What this task involves: Every line that contains the word "pour" is to be copied from the listing.

Dataset:
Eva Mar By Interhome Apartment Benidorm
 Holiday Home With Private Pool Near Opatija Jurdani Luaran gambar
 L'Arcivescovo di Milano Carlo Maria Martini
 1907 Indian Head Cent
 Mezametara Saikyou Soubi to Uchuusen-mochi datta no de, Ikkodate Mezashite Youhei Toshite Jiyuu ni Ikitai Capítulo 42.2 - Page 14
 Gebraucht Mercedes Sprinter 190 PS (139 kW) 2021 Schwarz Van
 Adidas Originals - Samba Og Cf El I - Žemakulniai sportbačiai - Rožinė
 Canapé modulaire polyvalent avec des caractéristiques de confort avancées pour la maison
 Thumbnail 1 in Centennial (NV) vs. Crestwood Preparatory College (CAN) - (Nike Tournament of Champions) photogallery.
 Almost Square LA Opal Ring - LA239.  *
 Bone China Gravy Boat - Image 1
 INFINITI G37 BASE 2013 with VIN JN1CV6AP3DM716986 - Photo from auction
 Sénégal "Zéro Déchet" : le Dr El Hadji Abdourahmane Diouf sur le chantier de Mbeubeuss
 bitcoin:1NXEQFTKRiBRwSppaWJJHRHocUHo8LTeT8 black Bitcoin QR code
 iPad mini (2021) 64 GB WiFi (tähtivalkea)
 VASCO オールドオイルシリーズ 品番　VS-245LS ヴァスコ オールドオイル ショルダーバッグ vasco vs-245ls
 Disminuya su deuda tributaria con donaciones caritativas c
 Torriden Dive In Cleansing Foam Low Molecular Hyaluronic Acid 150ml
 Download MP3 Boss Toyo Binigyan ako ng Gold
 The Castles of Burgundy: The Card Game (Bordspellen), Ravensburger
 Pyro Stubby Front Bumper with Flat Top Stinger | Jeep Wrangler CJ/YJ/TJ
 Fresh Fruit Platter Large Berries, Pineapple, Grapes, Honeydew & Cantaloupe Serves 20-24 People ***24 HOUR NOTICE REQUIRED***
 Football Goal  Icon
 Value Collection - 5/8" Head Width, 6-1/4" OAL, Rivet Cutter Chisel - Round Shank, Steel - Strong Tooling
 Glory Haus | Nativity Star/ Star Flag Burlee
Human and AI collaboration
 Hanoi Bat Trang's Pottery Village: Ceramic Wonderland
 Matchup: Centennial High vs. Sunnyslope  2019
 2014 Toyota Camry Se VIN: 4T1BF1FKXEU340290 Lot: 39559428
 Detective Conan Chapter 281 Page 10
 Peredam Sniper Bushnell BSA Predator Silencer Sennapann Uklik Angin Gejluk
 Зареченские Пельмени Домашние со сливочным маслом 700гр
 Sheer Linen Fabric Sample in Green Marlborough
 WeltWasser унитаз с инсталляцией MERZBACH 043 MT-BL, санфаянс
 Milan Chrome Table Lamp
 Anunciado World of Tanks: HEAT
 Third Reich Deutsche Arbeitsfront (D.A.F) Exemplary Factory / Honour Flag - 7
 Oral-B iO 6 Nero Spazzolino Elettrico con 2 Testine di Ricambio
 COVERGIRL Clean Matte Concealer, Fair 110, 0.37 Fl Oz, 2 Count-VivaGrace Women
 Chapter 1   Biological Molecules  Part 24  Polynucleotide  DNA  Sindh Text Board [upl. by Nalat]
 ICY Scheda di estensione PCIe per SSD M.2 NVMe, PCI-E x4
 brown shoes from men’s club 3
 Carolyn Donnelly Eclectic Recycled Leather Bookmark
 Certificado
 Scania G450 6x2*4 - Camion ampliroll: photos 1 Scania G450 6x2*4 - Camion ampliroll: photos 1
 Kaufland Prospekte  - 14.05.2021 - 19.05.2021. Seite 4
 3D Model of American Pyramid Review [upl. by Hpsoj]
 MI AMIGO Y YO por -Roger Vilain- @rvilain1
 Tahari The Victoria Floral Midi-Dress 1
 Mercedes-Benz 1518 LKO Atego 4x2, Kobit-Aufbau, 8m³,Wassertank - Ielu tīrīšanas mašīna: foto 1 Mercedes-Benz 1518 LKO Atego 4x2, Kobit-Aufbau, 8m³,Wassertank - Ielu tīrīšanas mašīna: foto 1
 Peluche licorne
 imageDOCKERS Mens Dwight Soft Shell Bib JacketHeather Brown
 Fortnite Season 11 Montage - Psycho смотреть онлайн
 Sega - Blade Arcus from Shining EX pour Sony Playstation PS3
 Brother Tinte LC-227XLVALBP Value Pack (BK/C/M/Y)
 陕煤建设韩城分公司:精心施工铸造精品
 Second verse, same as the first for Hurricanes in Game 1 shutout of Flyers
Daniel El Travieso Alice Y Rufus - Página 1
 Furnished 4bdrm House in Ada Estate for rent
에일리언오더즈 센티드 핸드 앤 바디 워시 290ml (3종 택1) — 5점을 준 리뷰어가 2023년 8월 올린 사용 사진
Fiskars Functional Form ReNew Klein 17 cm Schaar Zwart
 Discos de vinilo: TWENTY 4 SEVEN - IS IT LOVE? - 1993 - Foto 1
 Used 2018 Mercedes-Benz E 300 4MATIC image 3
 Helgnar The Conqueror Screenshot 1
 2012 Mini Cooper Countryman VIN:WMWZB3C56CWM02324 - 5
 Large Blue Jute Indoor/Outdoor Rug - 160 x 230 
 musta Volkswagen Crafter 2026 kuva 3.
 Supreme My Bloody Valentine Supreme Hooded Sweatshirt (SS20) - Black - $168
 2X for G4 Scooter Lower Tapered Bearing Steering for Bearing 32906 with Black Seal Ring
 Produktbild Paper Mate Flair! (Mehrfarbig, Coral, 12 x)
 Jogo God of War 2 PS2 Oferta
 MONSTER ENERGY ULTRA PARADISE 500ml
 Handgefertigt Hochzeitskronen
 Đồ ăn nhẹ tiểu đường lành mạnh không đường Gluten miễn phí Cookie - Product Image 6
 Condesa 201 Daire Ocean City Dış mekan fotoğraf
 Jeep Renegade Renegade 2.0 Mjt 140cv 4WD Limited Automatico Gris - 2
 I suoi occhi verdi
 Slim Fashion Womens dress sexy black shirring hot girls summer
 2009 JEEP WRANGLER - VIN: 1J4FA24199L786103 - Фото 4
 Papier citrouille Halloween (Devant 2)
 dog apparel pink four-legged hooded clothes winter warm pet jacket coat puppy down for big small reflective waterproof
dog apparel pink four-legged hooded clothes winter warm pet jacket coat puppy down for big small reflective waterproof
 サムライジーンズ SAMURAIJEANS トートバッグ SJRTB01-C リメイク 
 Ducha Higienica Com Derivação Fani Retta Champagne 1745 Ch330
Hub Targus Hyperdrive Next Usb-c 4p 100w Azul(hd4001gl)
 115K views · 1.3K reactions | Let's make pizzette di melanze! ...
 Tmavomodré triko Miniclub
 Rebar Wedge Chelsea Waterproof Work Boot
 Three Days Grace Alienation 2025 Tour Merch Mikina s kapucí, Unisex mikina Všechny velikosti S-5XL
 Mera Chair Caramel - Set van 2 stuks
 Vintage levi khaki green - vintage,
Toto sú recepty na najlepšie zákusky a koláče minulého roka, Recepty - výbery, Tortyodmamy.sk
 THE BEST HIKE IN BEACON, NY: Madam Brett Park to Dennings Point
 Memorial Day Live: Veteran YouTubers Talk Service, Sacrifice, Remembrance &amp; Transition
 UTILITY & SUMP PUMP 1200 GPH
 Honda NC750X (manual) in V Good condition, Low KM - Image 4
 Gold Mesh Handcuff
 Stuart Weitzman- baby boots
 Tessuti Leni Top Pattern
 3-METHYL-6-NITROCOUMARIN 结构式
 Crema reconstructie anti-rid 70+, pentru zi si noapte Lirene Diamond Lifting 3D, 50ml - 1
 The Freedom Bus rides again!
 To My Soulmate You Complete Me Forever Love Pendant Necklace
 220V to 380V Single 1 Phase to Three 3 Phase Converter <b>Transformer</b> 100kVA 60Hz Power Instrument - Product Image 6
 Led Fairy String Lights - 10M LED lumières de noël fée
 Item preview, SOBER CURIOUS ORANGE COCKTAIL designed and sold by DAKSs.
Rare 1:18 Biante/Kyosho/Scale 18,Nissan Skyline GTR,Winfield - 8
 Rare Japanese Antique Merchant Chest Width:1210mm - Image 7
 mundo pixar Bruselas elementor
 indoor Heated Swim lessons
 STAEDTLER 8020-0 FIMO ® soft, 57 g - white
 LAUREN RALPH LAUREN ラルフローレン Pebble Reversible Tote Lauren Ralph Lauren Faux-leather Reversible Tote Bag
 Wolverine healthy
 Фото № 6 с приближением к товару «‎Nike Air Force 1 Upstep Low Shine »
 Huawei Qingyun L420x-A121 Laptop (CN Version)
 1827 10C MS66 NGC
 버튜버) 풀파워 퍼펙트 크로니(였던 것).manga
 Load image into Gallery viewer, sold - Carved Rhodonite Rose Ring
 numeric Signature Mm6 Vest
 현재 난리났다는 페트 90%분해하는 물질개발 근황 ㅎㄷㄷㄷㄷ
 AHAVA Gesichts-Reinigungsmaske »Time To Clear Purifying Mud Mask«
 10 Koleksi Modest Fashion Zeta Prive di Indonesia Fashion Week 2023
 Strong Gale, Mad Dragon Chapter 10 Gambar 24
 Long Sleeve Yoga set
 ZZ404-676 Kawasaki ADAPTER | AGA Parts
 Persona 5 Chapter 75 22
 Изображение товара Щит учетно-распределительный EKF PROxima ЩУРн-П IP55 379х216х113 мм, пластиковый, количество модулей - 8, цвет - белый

Exercise result:
 Canapé modulaire polyvalent avec des caractéristiques de confort avancées pour la maison
 Sega - Blade Arcus from Shining EX pour Sony Playstation PS3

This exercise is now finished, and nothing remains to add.